Île Verte
mars 1942Anne sentit une bouffée chaude lui monter à la tête.
– Taisez-vous ! cria-t-elle. Mais taisez-vous !
Les trois autres occupants de la voiture se tournèrent vers elle. Dans l’obscurité ses traits ne leur révélèrent rien.
– Tu es devenue folle ou quoi ? demanda James interloqué.
– L’adolescence ! marmonna le Frère. Je blâme l’adolescence.
– Anne, dit le Dr Goulaouenn, qu’est-ce qui vous fait si peur ?
Cette voix calme lui fit l’effet d’un soufflet. Elle avala sa salive et respira profondément avant de répondre. Sa mère lui recommandait de tourner sa langue dans sa bouche une dizaine de fois avant de parler quand elle se sentait prise de colère.
– Je n’ai pas peur, articula-t-elle, et je ne suis pas folle. Quant à être une adolescente, là je plaide coupable !
– Ne soyez pas insolente, Anne, dit le Frère. Nous sommes ici entre amis.
Mais le sommes-nous vraiment ? criait la voix dans la tête d’Anne. Elle tourna sa langue trois fois dans sa bouche.
– Mais sommes-nous vraiment entre amis ? dit-elle, se demandant si elle avait réellement prononcé ces mots à haute voix.
– Je ne vois pas à quoi tu fais allusion, dit James, mais en tout cas tu nous empoisonnes tous. Arrête de tourner autour du pot et dis-nous ce que tu penses !
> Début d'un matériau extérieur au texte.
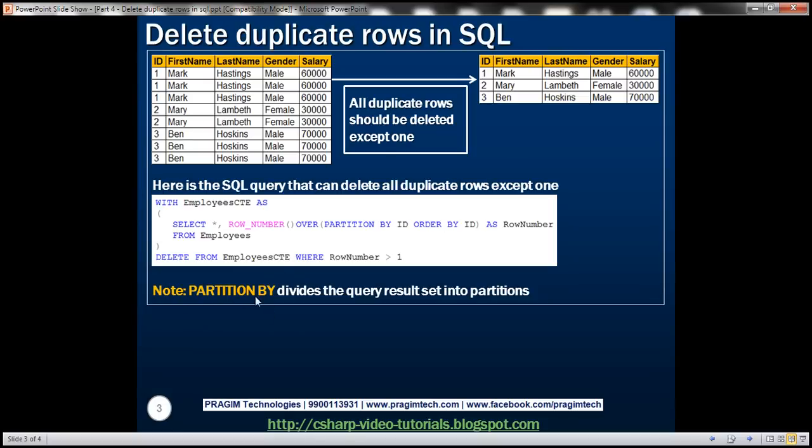Basically partition by is going to divide the query result set into partitions. And here we are partitioning the result set by ID column.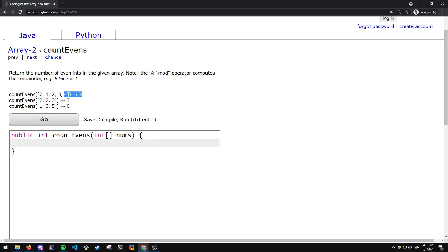Here we have an example. Given the array of integers 2, 1, 2, 3, and 4, the output of this method should be 3 because 2, 2, and 4 are all even.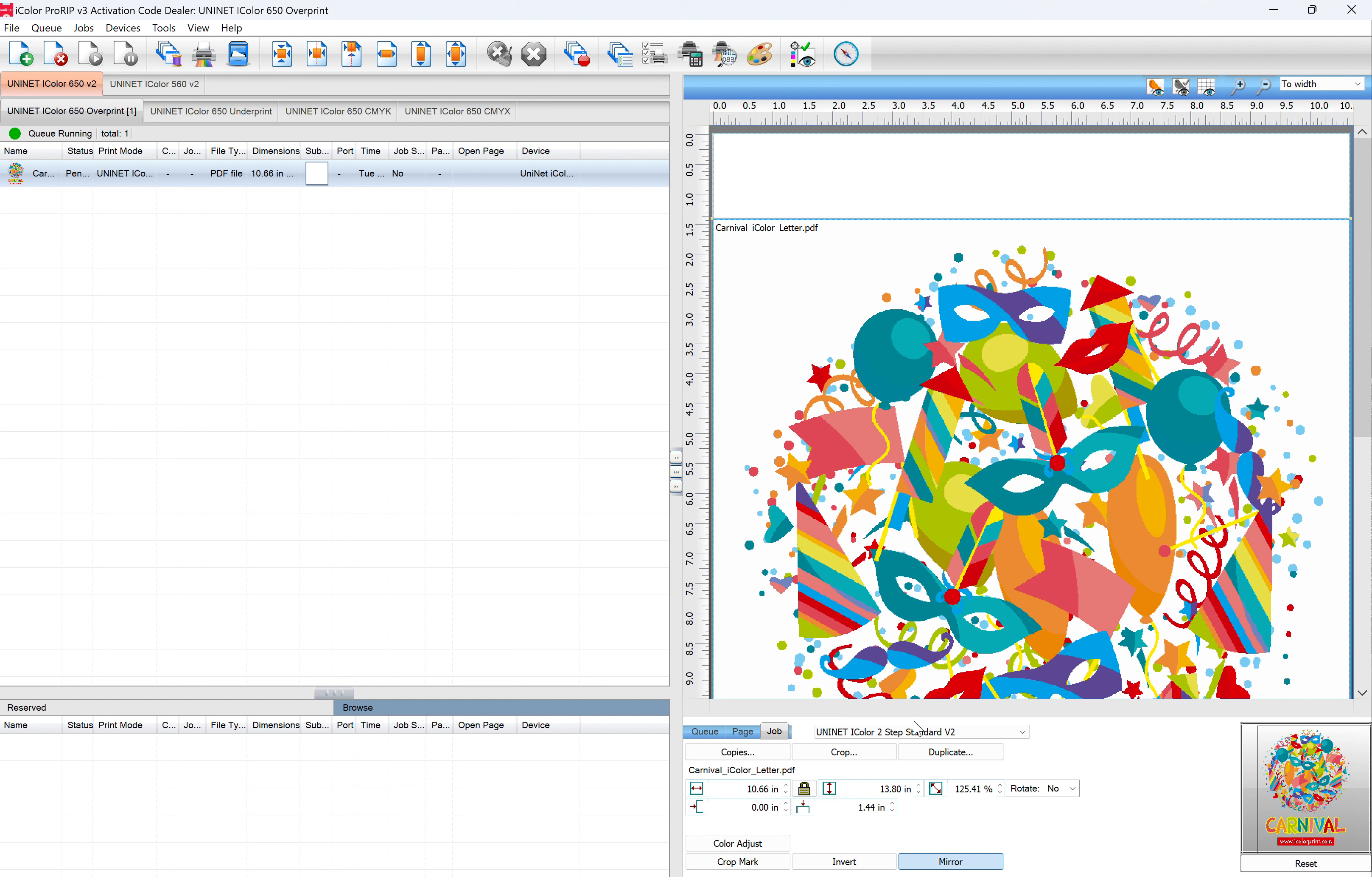You'll have toner all over the front and back of the page, and it will build up in your fuser and certainly cause print defects, maybe even fuser damage. So you want to make sure that this is set up correctly.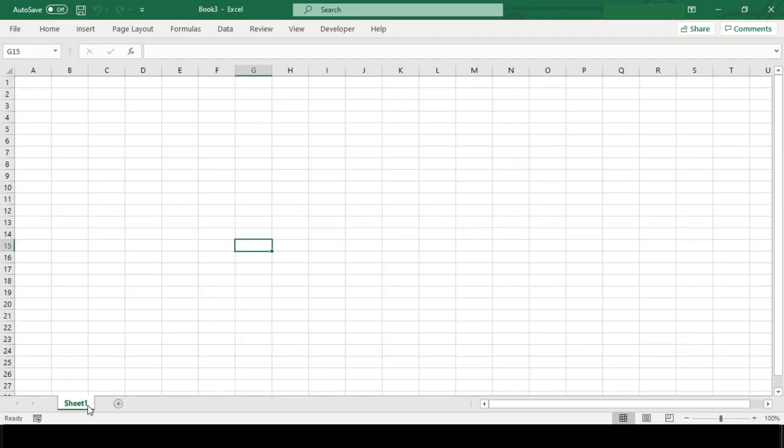Here you can see, here below, all our worksheets are hidden except sheet 1 which was active. So that's it in this video.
Anne hésita un moment. Être honnête dans ce cas précis allait peut-être rendre leur situation encore plus précaire. Elle maudissait le manque de subtilité de James et du Frère Jean. Pourquoi n’avait-elle pas eu une sœur au lieu d’un stupide frère !
– Je veux juste dire qu’il faut faire attention… Que les murs ont des oreilles et tout ça…
– Quel mur ? demanda James. Quant aux oreilles, dans cette voiture elles sont toutes sûres.
– Ça m’étonnerait bien que les Allemands aient caché des micros dans la voiture du docteur, dit le Frère. Je ne crois pas qu’ils aient le temps ou le désir d’espionner un simple médecin de campagne. Pardonnez-moi, docteur ! Je ne voulais pas vous offenser…
– Vous ne m’avez pas du tout offensé, cher Frère, et je suis totalement d’accord avec vous. Mais je crois que ce que James et vous refusez de comprendre, parce que vous me connaissez bien, c’est qu’Anne, elle, ne me connaît pas du tout. Les oreilles dont elle craint l’indiscrétion ou pire sont les miennes.
Anne l’aurait embrassé tant elle était reconnaissante que quelqu’un enfin la comprenne. Mais hélas, il se trouvait que ce n’était pas du tout la personne dont elle souhaitait la compréhension.
– Anne, je vous assure… commença le Frère.
– Comment peux-tu, après tout ce qu’on t’a raconté sur le docteur ? dit James.
Et sur Marwen, compléta Anne dans sa tête. Oui, elle en avait entendu parler encore et encore. Des saints, le père et la fille. Et cela ne les lui avait pas rendus particulièrement sympathiques.
Mais là, malgré et peut-être bien à cause du charme indéniable du docteur, Anne se sentait en alerte. Elle ne pouvait pas être subtile, donc elle décida de se lancer et de dire ce qu’elle pensait.
– Docteur, merci de votre aide, commença-t-elle, se félicitant de son tact. Mais… votre attitude avec les Allemands ? Ils vous ont tout passé sur le continent, et pareil ici à l’arrivée. Alors…
– Alors tu te demandes si je ne suis pas un collaborateur ?
Anne sentit une fois de plus une vague intempestive de reconnaissance et d’affection lui envahir le cœur. Elle se fit violence et hocha la tête, puis, se souvenant que personne ne pouvait la voir, elle fit un très sobre :
– Oui.
Le silence retomba sur la voiture.
– Je crois qu’il va me falloir expliquer ce que la vie sur l’île est devenue depuis que vous êtes partis et que l’Occupation a commencé, dit le Dr Goulaouenn.